[x86] New MOV/SHR optimisation when reading from memory
Summary
This merge request optimises reads from memory where only the upper byte or word (16 bits) are actually needed, converting a MOV/SHR pair into a MOVZX instruction, and a MOV/SAR pair into an MOVSX instruction.
System
- Processor architecture: i386, x86_64
What is the current bug behavior?
N/A
What is the behavior after applying this patch?
A large number of optimisations should now occur when reading the most-significant bytes of 32-bit memory blocks, among others.
Relevant logs and/or screenshots
A large number of files receive improvements - here's an example of aasmcpu (x86_64-win64) where a cascade of optimisations occur under -O4... before:
.Lj285:
...
# Register eax allocated
movl 8(%r14),%eax
shrl $24,%eax
andl $255,%eax
# Register rflags allocated
cmpb $4,%al
# Register al released
After
.Lj285:
...
# Register eax allocated
# Peephole Optimization: movl 8(%r14),%eax; shrl $24,%eax -> movzxbl 11(%r14),%eax (MovShr/Sar2Movx)

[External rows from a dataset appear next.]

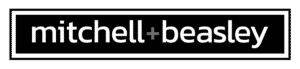 Mitchell + Beasley Primary Logo - Renovating, Styling & Homewares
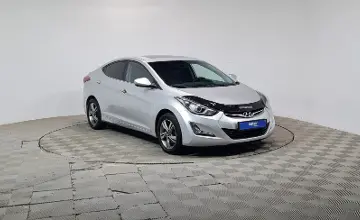 Hyundai Elantra 2015 года за 5 750 000 тг. в Алматы фото 3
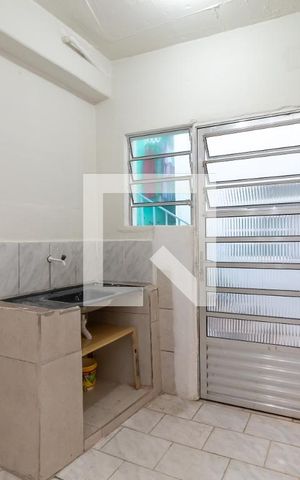 Casa para alugar com 50m², 1 quarto e sem vagaCozinha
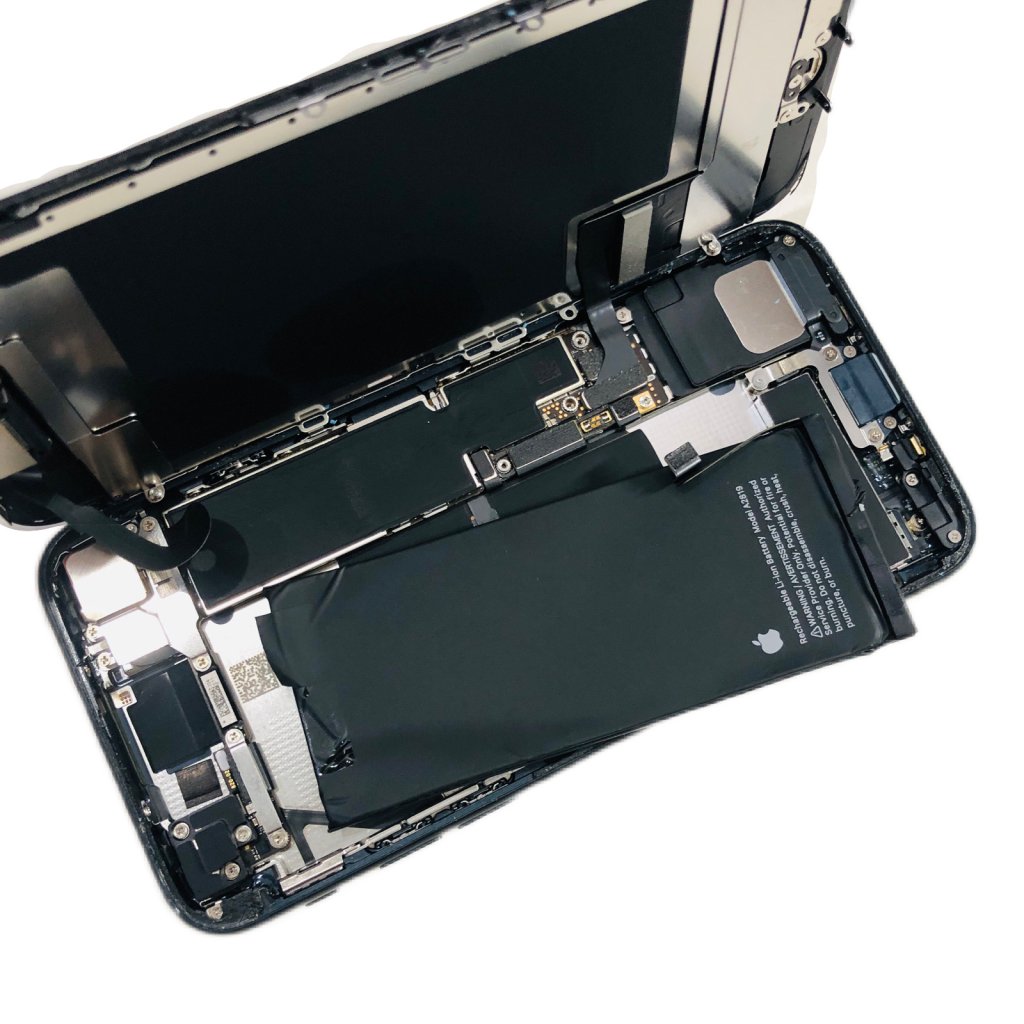 iPhoneSE3（SE第3世代） バッテリー交換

# Peephole Optimization: MovzAnd2Movz1
movzbl 11(%r14),%eax
# Register rflags allocated
cmpb $4,%al
# Register al released
(The optimisations in OptPass2Movx should be improved in the future to detect that only the lowest byte of %eax is used, thus the MOVZBL instruction can be optimised to mov 11(%r14),%al, which can then be optimised further with the CMP instruction to just cmp $4,11(%r14))
Additional notes
There is a fair bit of crossover with the optimisations performed in !278 (merged).